August 25, 2012 at 9:51 pm , by Nick Shell
21 months.

I am convinced that the best way to get someone to stop nagging you with their wrong opinion in regards to unsolicited parenting advice is just to simply smile and respond with, “You may be right.”
If they still go on rambling in an attempt to convert you, just said it again; this time raising your eyebrows and smiling even bigger.
You can even throw in peripheral phrases like “I think I might have read a blog about that recently” or “I’ll have to check that out.”
We live in a time when “I don’t agree with you” translates to some people as “I hate you.”
So if a person is already passionate about a polarizing parenting topic that I either A) already have a strong opinion on or B) am indifferent about, I’d rather just move on as quickly as possible to the next conversation topic, as opposed to becoming the next victim of a parenting extremist‘s solicitation speech.
Sometimes it’s just too much hassle to admit with someone that you disagree with them.
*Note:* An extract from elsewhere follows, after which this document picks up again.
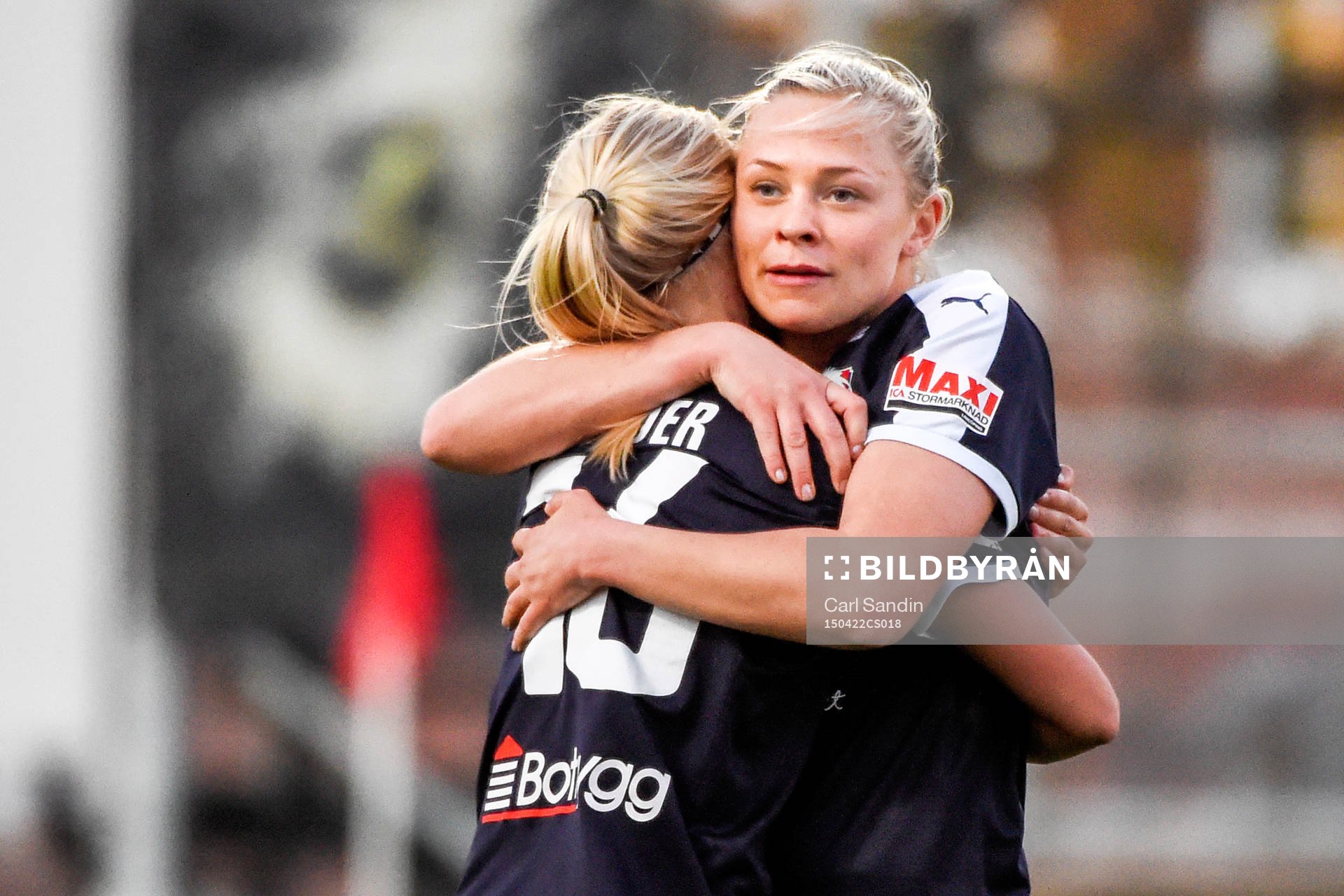 Linköpings Fridolina Rolfö ofamnar Pernille Harder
I don’t mean to sound like a person without passion and conviction. Because I am very passionate about the things that matter to me; likewise, I am extremely indifferent about the things I don’t care about or care to change.
“You may be right” is clever because it is also undeniably true.
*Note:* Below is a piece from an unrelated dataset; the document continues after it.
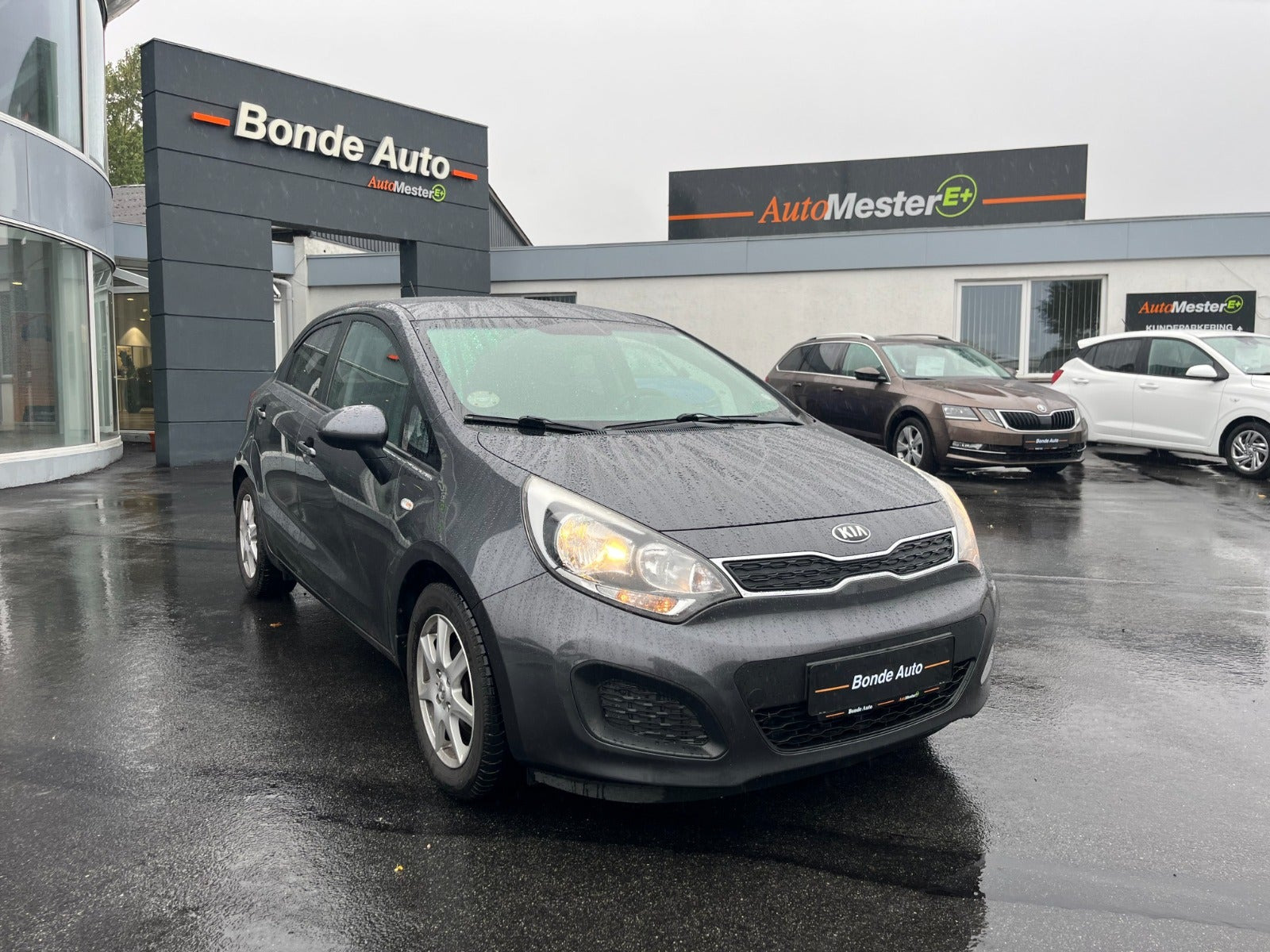 Grå Kia Rio fra 2014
No matter how firmly set I am in my opinions and stances on things like the kind of food I feed my kid or how I choose to discipline him, I could easily be wrong.
I am aware of that at all time. Whether the experts and scientific research support my view or not, still, I may be wrong.
Therefore, the other person with a different perspective as mine may very easily be right.
How arrogant of me to assume that I’m right most of the time about stuff. Or even half the time.
I might as well just assume, at best, I’m only right 49% of the time.
Granted, I want to be right, but I overanalyze stuff a lot.
Like when I half-jokingly wrote a post about hand-cuffing my son on the way to time-out.
It just seems weird to me that in the eyes of parents like me who are “non-spankers” it’s okay to discipline your child by physically restraining them by exiling them to time-out, as opposed to physically striking them.
Yet somehow the idea of taking physical restraint a step further and putting handcuffs on your kid is absurd.
I see double standards there. I see norms based on tradition. And I question that. I question myself.
So, I may be wrong about a lot of my parenting perspectives. The other people may be right.
And when I give them confirmation of that, it helps skip the annoying conversation topic I don’t want to be involved in, like a chapter on a DVD.
I’m such an impatient Millennial parent.